My last time in the pulpit of Thomas Paine Unitarian Universalist Fellowship was on June 17th. That service and its sermon ended a run of well over 250 times over nine years that you have allowed me to present some ideas of how events in our world and thoughts from our human history can inform that “free and responsible search for truth and meaning” our UU principles call and allow each of us to affirm and promote.
Preaching is the most visible, most obvious, most public part of what your minister does. Much of the other work, often appropriately, is not generally known. Unless you or your family is among those who receive my efforts at pastoral care and counseling, you likely are not aware of what help is offered. If you are on a board, committee, or team, you know the meetings a minister takes part in; otherwise, maybe not.
Perhaps I have been with you at a march or vigil or demonstration or rally where our UU principles are raised up; less likely is that you know of letters, e-mails, phone calls, visits to officials’ offices where I, identified as your UU minister, promote the Belovèd Community this faith would have us try to bring to our world. It is my part of the prophetic outreach we all, as members of a faith community, are challenged to take on.

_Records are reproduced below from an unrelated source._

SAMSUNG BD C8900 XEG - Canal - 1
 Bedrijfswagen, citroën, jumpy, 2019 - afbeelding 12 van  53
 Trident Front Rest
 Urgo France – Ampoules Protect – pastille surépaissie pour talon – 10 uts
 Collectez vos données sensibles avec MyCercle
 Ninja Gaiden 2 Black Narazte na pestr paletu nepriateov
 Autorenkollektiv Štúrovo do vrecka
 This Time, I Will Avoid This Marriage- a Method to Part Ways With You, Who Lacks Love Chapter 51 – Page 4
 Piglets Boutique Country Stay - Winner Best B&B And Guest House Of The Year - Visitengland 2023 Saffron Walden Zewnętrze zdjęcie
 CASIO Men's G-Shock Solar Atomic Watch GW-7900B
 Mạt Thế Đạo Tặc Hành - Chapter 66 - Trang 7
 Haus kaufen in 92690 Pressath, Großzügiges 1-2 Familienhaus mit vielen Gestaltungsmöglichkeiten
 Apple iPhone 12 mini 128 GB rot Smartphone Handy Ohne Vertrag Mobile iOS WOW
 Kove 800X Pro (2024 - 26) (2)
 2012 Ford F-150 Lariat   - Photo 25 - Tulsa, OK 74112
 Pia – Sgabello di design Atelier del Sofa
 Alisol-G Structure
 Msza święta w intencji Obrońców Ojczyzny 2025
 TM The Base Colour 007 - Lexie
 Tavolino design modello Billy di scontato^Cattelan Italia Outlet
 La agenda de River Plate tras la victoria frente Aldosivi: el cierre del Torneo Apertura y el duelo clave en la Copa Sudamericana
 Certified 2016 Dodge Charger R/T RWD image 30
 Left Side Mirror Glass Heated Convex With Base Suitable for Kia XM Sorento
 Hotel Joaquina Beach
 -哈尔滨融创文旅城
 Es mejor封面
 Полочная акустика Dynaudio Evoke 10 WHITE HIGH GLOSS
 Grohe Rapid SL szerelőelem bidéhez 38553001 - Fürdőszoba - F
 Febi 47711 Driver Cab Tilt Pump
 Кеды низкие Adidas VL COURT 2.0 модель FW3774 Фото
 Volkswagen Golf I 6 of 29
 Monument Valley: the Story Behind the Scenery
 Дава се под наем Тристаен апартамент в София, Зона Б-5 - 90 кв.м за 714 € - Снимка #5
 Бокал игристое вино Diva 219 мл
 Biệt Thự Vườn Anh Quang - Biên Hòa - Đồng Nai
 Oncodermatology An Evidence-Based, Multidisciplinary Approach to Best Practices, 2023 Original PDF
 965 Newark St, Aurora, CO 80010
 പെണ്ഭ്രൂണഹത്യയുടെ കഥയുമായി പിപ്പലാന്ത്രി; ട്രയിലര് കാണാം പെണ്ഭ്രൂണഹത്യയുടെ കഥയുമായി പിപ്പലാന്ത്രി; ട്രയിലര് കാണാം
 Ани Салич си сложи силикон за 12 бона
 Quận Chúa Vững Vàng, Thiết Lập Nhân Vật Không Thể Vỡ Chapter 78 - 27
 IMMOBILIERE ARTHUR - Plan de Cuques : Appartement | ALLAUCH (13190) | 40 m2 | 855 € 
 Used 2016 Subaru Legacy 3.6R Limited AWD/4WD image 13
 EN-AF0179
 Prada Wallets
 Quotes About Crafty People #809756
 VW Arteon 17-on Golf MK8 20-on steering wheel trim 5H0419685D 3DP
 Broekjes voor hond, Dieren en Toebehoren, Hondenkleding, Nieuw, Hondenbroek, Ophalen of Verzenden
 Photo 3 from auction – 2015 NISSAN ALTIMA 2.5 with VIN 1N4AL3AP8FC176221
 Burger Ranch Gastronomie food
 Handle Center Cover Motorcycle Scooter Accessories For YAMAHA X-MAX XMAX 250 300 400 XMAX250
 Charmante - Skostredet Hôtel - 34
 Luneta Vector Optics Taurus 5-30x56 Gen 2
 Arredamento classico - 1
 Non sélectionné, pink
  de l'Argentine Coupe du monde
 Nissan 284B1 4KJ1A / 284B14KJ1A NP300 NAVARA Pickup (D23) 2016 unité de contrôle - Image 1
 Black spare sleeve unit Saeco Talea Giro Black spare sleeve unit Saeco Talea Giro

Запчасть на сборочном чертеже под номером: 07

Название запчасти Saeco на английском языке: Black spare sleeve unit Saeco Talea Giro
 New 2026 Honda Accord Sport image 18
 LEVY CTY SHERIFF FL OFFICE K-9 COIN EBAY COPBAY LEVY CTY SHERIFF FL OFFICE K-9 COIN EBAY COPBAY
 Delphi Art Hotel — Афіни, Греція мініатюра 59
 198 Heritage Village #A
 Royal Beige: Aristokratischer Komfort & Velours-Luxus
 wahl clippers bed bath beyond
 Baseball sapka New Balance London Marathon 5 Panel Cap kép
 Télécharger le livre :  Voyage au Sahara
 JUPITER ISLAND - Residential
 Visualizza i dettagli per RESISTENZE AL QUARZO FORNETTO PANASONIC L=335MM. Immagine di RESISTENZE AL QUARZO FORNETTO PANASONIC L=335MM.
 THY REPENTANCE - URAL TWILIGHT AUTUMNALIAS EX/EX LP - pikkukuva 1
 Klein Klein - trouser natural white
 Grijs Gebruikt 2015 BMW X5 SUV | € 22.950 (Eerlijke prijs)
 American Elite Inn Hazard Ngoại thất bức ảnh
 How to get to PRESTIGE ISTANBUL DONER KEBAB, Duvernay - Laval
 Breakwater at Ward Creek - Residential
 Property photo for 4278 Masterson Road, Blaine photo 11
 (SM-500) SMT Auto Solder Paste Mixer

Our national UU organization and the UU Ministers’ Association are among the places a minister can, uniquely, represent the congregation and have influence on the direction the denomination takes. Not all of that work gets publicized. No doubt, I should have brought more of those ministerial undertakings and obligations to your attention beyond my monthly reports to the Board of Trustees. You do need to know that those less-visible ministerial tasks and duties will continue to be done; will continue to serve you and The Fellowship. I’ll be doing them through the end of August. Then my successor will become your fullservice (even if part-time) minister and take on all of the varied work that the position of your ministers entails and allows.
Yes, allows. Your having ordained me lets me put a “Rev” in front of my name when I write or call or otherwise speak in the voice of liberal religion. It seems to make a difference. And that Rev, a clerical stole, and a “clergy collar” have gotten me access (including to parking places and restrooms) which I might not otherwise have been admitted to.
Ministry is demanding. It is rewarding and challenging. It is fun. And know I will miss it all, as I will miss you when I am finally gone from TPUUF.